Я продолжил подъем. Дорога круто шла в гору. Асфальтовая, узкая, без тротуаров. Никто не ходил здесь пешком. Далеко от города и неудобно, слишком круто.
Одна из машин, маленькая и красная, взревела и прыгнула через разделительный газон, едва не задев меня. Я отскочил, а она, вихляя задом, рванула обратно к институту.
Я опустил голову. Больно было смотреть вверх, в горящее небо. Но тут двигатель машинки взвыл совсем истерически. Я увидел мелькнувшее в перевороте днище с крутящимися колесами. Машинка исчезла в живой изгороди над обрывом. Глухо бухнуло.
Я так и не понял, что с ней случилось, но выяснять не стал. Из-за деревьев выплыл жирный черный дым, но не поднялся вверх, а растекся горкой солидола. Получается, вверху давление больше, чем внизу. Еще одно наблюдение в копилку.
И тут меня остановила нежданная красота. Среди летнего зноя с потемневшего неба мягко и торжественно падал снег. Темная зелень, блеклое небо, неспешный танец снежинок — картина завораживала трогательной красотой. Будто природа дарила людям прощальный подарок.
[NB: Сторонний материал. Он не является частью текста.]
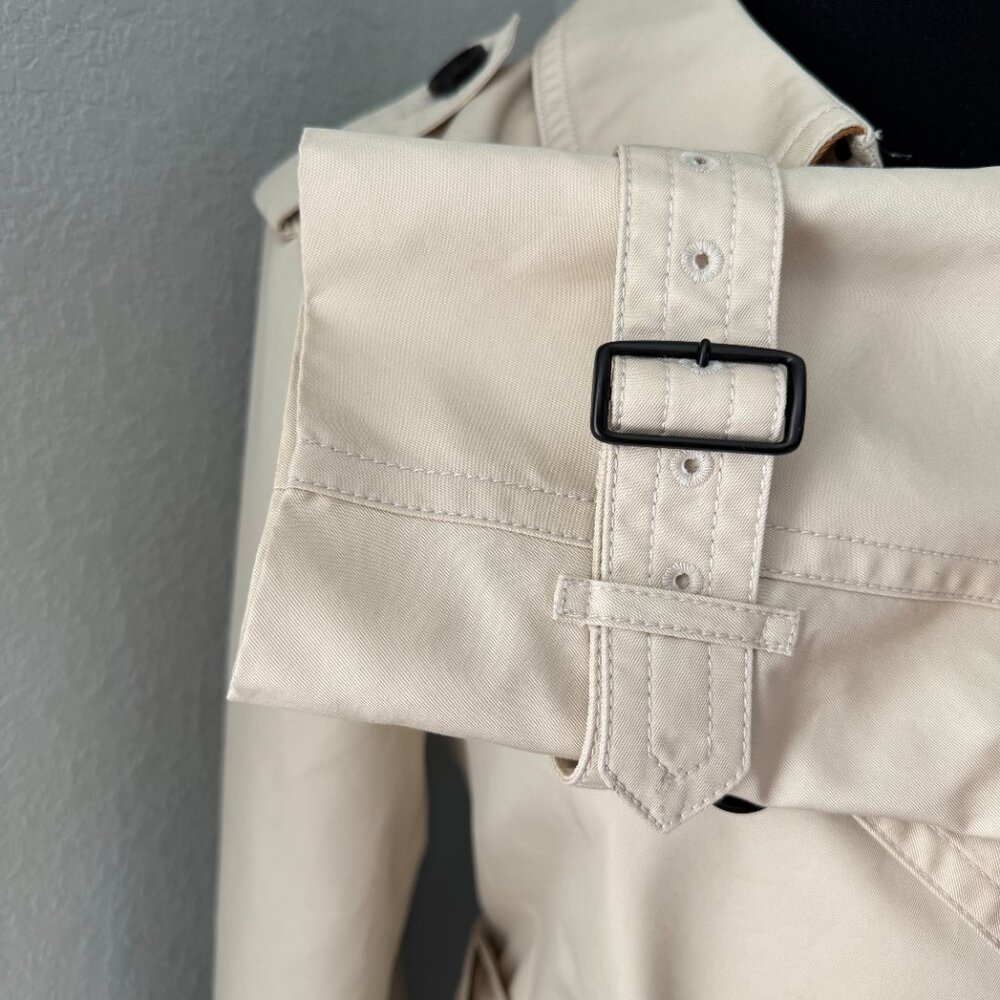 COACH Short Double Breasted Beige Belted Trench Coat Jacket Large - Picture 11 of 16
На ходу я ловил снежинки, как бабочек. Они таяли на ладонях, а я слизывал капельки влаги. Стало жарко, но я не снимал капюшон.
Машина моя ждала на стоянке, на обычном месте, но садиться в нее не хотелось. Она уже наполовину растаяла, как кубик сахара в чае. Водительская дверь стала совсем прозрачной, и я увидел под ковриком оброненный ключ от дома. Он мог мне еще пригодиться. Мне захотелось его достать.
Примерившись, я просунул руку прямо через прозрачную дверь и нащупал потерю. На ощупь металл двери напоминал кисель, а ключ — пластилин. Помяв в пальцах, я выбросил его на асфальт.
Пошел ко входу, но остановился, услышав тяжелый вздох за спиной. Оглянулся. Машина мягко легла на брюхо, как уставший пес, выпустив воздух из шин. Я толкнул стеклянную дверь и вошёл в темный вестибюль. «Уф, наконец-то я у себя!» — подумалось с облегчением. Институт выстоял.
С трудом различимый в полутьме — глаза не отвыкли еще от сияния — ко мне кинулся наш охранник. Вид у него был потерянный, фуражка на затылке, галстук сбился, воротник рубашки расстегнут. Дядя Вася, Василий Иванович, требовал от меня, задыхаясь от волнения, чтобы я немедленно разъяснил ему, что происходит на свете, кто виноват и что делать. Телефон не работает, электричества нет, а начальство разбежалось, не оставив инструкций.